=== Task inputs ===

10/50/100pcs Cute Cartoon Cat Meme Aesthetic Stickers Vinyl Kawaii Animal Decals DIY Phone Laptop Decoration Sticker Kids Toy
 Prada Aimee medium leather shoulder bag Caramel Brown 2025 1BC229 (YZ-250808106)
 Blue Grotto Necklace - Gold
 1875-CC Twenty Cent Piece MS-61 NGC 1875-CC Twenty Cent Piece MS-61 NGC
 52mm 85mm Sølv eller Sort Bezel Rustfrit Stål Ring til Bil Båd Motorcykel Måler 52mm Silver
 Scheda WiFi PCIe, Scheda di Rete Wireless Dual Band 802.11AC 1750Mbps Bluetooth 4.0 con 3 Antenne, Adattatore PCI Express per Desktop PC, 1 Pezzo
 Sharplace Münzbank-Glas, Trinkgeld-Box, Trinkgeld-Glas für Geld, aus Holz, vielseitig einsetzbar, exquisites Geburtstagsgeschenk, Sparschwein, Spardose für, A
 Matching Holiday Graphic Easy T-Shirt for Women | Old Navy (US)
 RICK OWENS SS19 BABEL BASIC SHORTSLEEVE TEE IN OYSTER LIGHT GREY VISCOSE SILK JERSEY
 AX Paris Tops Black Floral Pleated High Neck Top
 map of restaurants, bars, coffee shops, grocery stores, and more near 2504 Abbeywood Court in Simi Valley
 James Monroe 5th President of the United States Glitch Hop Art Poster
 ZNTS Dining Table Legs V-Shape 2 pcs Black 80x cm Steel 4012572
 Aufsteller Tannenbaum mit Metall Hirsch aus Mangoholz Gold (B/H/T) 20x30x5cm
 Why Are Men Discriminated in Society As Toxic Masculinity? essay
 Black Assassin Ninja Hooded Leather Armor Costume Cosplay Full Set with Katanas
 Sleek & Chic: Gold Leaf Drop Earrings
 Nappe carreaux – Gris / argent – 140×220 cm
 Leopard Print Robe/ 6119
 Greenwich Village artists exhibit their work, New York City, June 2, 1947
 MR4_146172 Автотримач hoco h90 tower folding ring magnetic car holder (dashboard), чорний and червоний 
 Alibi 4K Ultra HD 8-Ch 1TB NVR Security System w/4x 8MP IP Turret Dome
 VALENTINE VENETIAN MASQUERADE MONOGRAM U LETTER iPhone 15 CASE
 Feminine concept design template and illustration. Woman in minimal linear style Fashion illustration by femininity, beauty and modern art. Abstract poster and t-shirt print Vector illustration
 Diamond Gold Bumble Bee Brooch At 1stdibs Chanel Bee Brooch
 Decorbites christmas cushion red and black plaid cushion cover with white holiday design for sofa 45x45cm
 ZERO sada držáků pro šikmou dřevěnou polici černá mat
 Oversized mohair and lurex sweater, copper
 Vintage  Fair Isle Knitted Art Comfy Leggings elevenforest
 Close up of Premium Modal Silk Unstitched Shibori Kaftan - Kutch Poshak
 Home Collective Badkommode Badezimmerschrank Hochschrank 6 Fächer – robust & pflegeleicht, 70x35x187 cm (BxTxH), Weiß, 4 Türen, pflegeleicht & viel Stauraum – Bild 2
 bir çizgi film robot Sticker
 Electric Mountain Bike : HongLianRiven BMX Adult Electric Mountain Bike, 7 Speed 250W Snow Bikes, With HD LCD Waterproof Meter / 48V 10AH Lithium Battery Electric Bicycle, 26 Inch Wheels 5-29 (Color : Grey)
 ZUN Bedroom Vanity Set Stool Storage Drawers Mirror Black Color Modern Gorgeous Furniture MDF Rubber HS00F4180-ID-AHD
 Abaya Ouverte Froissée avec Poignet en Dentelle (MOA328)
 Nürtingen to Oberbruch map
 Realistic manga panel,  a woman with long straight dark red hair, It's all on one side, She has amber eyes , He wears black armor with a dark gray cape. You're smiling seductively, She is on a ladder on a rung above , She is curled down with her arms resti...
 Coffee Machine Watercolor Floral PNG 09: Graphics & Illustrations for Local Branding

===

▸ **Try it**
The complete set of entries is to be restated word for word.

▸ **Output**
10/50/100pcs Cute Cartoon Cat Meme Aesthetic Stickers Vinyl Kawaii Animal Decals DIY Phone Laptop Decoration Sticker Kids Toy
 Prada Aimee medium leather shoulder bag Caramel Brown 2025 1BC229 (YZ-250808106)
 Blue Grotto Necklace - Gold
 1875-CC Twenty Cent Piece MS-61 NGC 1875-CC Twenty Cent Piece MS-61 NGC
 52mm 85mm Sølv eller Sort Bezel Rustfrit Stål Ring til Bil Båd Motorcykel Måler 52mm Silver
 Scheda WiFi PCIe, Scheda di Rete Wireless Dual Band 802.11AC 1750Mbps Bluetooth 4.0 con 3 Antenne, Adattatore PCI Express per Desktop PC, 1 Pezzo
 Sharplace Münzbank-Glas, Trinkgeld-Box, Trinkgeld-Glas für Geld, aus Holz, vielseitig einsetzbar, exquisites Geburtstagsgeschenk, Sparschwein, Spardose für, A
 Matching Holiday Graphic Easy T-Shirt for Women | Old Navy (US)
 RICK OWENS SS19 BABEL BASIC SHORTSLEEVE TEE IN OYSTER LIGHT GREY VISCOSE SILK JERSEY
 AX Paris Tops Black Floral Pleated High Neck Top
 map of restaurants, bars, coffee shops, grocery stores, and more near 2504 Abbeywood Court in Simi Valley
 James Monroe 5th President of the United States Glitch Hop Art Poster
 ZNTS Dining Table Legs V-Shape 2 pcs Black 80x cm Steel 4012572
 Aufsteller Tannenbaum mit Metall Hirsch aus Mangoholz Gold (B/H/T) 20x30x5cm
 Why Are Men Discriminated in Society As Toxic Masculinity? essay
 Black Assassin Ninja Hooded Leather Armor Costume Cosplay Full Set with Katanas
 Sleek & Chic: Gold Leaf Drop Earrings
 Nappe carreaux – Gris / argent – 140×220 cm
 Leopard Print Robe/ 6119
 Greenwich Village artists exhibit their work, New York City, June 2, 1947
 MR4_146172 Автотримач hoco h90 tower folding ring magnetic car holder (dashboard), чорний and червоний 
 Alibi 4K Ultra HD 8-Ch 1TB NVR Security System w/4x 8MP IP Turret Dome
 VALENTINE VENETIAN MASQUERADE MONOGRAM U LETTER iPhone 15 CASE
 Feminine concept design template and illustration. Woman in minimal linear style Fashion illustration by femininity, beauty and modern art. Abstract poster and t-shirt print Vector illustration
 Diamond Gold Bumble Bee Brooch At 1stdibs Chanel Bee Brooch
 Decorbites christmas cushion red and black plaid cushion cover with white holiday design for sofa 45x45cm
 ZERO sada držáků pro šikmou dřevěnou polici černá mat
 Oversized mohair and lurex sweater, copper
 Vintage  Fair Isle Knitted Art Comfy Leggings elevenforest
 Close up of Premium Modal Silk Unstitched Shibori Kaftan - Kutch Poshak
 Home Collective Badkommode Badezimmerschrank Hochschrank 6 Fächer – robust & pflegeleicht, 70x35x187 cm (BxTxH), Weiß, 4 Türen, pflegeleicht & viel Stauraum – Bild 2
 bir çizgi film robot Sticker
 Electric Mountain Bike : HongLianRiven BMX Adult Electric Mountain Bike, 7 Speed 250W Snow Bikes, With HD LCD Waterproof Meter / 48V 10AH Lithium Battery Electric Bicycle, 26 Inch Wheels 5-29 (Color : Grey)
 ZUN Bedroom Vanity Set Stool Storage Drawers Mirror Black Color Modern Gorgeous Furniture MDF Rubber HS00F4180-ID-AHD
 Abaya Ouverte Froissée avec Poignet en Dentelle (MOA328)
 Nürtingen to Oberbruch map
 Realistic manga panel,  a woman with long straight dark red hair, It's all on one side, She has amber eyes , He wears black armor with a dark gray cape. You're smiling seductively, She is on a ladder on a rung above , She is curled down with her arms resti...
 Coffee Machine Watercolor Floral PNG 09: Graphics & Illustrations for Local Branding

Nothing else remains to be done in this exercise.